A nearly discovered ransomware program drops its malicious payload alongside the perfectly legitimate AnyDesk remote desktop tool, possibly as a means to evade detection, according to researchers.
A sample of the malware, detected as RANSOM_BLACKHEART, was found to generate a ransom note demanding a modest sum of $50 in bitcoins in exchange for decrypting affected files, Trend Micro reports in a May 1 blog post. The company refers to BLACKHEART as a “fairly common ransomware, with a routine that encrypts a variety of files that use different extensions as part of its routine.”
While it’s known that BLACKHEART infects its victims via malicious sites, the company does not at this time understand the specifics of that process. Trend Micro also found a similar sample that bundled AnyDesk with the keylogger TSPY_KEYLOGGER.THDBEAH instead.
Developed by AnyDesk Software GmbG in Germany, AnyDesk providers users with bidirectional remote access between personal computers running on various operating systems and unidirectional access on the Android and iOS mobile platforms. Other features include Transport Layer Security, file transfers and client-to-client chat.
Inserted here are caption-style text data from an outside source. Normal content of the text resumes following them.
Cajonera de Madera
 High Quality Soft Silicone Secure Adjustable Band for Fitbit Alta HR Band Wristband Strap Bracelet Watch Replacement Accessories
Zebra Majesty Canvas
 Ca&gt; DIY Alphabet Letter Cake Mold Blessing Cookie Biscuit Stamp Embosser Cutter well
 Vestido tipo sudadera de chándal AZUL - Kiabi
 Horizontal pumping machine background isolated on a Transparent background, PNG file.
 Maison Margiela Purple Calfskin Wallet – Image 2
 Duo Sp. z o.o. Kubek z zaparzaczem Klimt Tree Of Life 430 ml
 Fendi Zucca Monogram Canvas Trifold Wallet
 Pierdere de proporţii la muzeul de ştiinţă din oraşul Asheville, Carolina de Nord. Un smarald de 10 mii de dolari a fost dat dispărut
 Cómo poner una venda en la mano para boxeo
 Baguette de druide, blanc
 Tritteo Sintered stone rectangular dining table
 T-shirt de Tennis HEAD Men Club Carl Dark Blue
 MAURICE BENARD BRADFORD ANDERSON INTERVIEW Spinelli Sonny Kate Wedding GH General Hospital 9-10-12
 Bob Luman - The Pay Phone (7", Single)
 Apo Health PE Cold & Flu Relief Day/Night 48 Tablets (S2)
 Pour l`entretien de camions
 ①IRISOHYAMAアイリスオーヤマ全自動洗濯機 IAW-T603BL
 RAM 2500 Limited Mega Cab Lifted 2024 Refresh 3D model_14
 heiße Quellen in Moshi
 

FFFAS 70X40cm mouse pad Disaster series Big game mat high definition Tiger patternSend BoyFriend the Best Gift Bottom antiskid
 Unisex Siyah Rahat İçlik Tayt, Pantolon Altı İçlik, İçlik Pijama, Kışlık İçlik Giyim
“We believe bundling AnyDesk with the ransomware might be an evasion tactic,” the blog post explains. “Once RANSOM_BLACKHEART is downloaded, AnyDesk will start running in the affected system’s background — masking the true purpose of the ransomware while it performs its encryption routine.”
Trend Micro researchers also speculate that cyber offenders may be experimenting with AnyDesk as an alternative to TeamViewer, a similar tool that has previously been abused by ransomware — although in that case, it was confirmed that TeamViewer connections were actually used to install the malicious code.
Trend Micro reports that AnyDesk “has acknowledged the existence of the ransomware, and has stated that they will be discussing possible steps they can take.”